#### Work instructions:
Both the line below containing "1848 W Grays Pl - Photo 5 of 12" and the line containing "More photos of", along with every line between them, should be repeated exactly; no other line belongs in the answer.

[Data extracted from a collection]
★ ★ ★ ★ ★ ★ ★

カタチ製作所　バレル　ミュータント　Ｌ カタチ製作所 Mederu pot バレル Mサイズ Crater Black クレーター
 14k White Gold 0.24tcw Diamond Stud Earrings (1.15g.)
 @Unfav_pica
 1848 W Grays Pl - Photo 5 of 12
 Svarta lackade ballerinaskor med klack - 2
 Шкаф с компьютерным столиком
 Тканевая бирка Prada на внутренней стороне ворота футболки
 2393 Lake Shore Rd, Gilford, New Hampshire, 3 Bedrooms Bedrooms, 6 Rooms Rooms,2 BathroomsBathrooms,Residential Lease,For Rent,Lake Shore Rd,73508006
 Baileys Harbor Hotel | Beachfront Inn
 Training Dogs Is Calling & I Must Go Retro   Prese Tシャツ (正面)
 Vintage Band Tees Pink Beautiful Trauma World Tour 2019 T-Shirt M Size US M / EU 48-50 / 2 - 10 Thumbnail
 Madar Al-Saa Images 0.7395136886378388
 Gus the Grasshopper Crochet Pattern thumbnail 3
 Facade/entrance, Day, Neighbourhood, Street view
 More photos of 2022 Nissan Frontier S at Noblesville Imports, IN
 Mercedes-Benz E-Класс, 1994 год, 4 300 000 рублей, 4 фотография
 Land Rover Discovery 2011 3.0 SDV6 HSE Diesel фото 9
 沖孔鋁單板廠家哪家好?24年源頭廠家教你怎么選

★ ★ ★ ★ ★ ★ ★

#### Expected answer:
 1848 W Grays Pl - Photo 5 of 12
 Svarta lackade ballerinaskor med klack - 2
 Шкаф с компьютерным столиком
 Тканевая бирка Prada на внутренней стороне ворота футболки
 2393 Lake Shore Rd, Gilford, New Hampshire, 3 Bedrooms Bedrooms, 6 Rooms Rooms,2 BathroomsBathrooms,Residential Lease,For Rent,Lake Shore Rd,73508006
 Baileys Harbor Hotel | Beachfront Inn
 Training Dogs Is Calling & I Must Go Retro   Prese Tシャツ (正面)
 Vintage Band Tees Pink Beautiful Trauma World Tour 2019 T-Shirt M Size US M / EU 48-50 / 2 - 10 Thumbnail
 Madar Al-Saa Images 0.7395136886378388
 Gus the Grasshopper Crochet Pattern thumbnail 3
 Facade/entrance, Day, Neighbourhood, Street view
 More photos of 2022 Nissan Frontier S at Noblesville Imports, IN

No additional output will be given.